Logo

Resilient SMEs Adapt To New Growth Realities

1 min read
Resilient SMEs Adapt To New Growth Realities image

Small and medium-sized enterprises are showing resilience in 2026, but their growth strategies are becoming more selective. DHL Express’s mid-year survey suggests that many US SMEs remain confident about performance, even as tariffs, rising costs and trade uncertainty force business leaders to take a more disciplined view of expansion.

The findings show a sector still supported by demand. More than one-third of surveyed SMEs are exceeding their business plans, while a further 36 per cent are meeting expectations. Confidence also remains strong, with 85 per cent of respondents optimistic about achieving their objectives for the rest of the year. For SME leaders, the message is not that growth has disappeared, but that it now requires sharper judgement, stronger cost control and a clearer understanding of which opportunities are worth pursuing.

Trade policy is emerging as one of the clearest pressure points. More than half of businesses surveyed have delayed or reconsidered international expansion because of tariffs and changing trade rules, while nearly eight in ten said tariffs and restrictions have raised operating costs.

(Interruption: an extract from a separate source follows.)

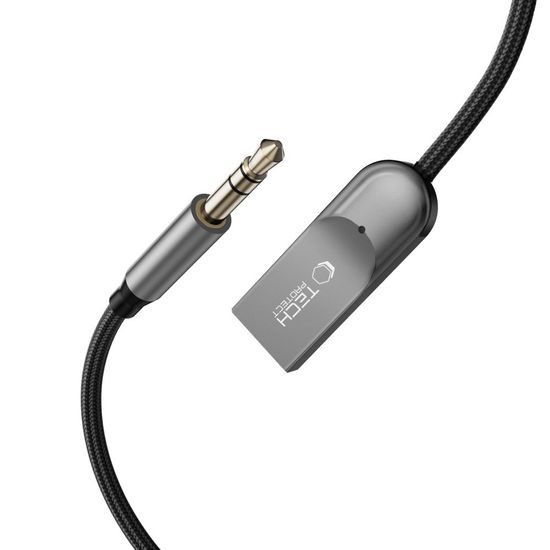 Tech-Protect Ultraboost AU04 audio adapters AUX Bluetooth 6.0 – pelēks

Many are responding by adjusting prices, reviewing supply chains and seeking efficiency gains. This reflects a more mature phase of SME growth, where resilience depends less on speed and more on the ability to protect margins while remaining flexible.

International expansion has not lost its appeal. Europe and Canada remain preferred destinations for businesses still looking beyond the domestic market, showing that cross-border growth remains important to long-term planning. However, expansion is increasingly being treated as a calculated move rather than a broad ambition, with companies weighing market access, cost exposure and operational complexity more carefully.

Technology and sustainability add another layer to this adjustment. Artificial intelligence offers potential efficiency gains, while environmental expectations are becoming harder to ignore, yet both require investment at a time when many businesses are already managing higher costs. The unresolved challenge for SMEs is how to modernise without stretching resources too thin. The survey points to a business community that is still ambitious, but more focused on building durable growth than simply chasing scale.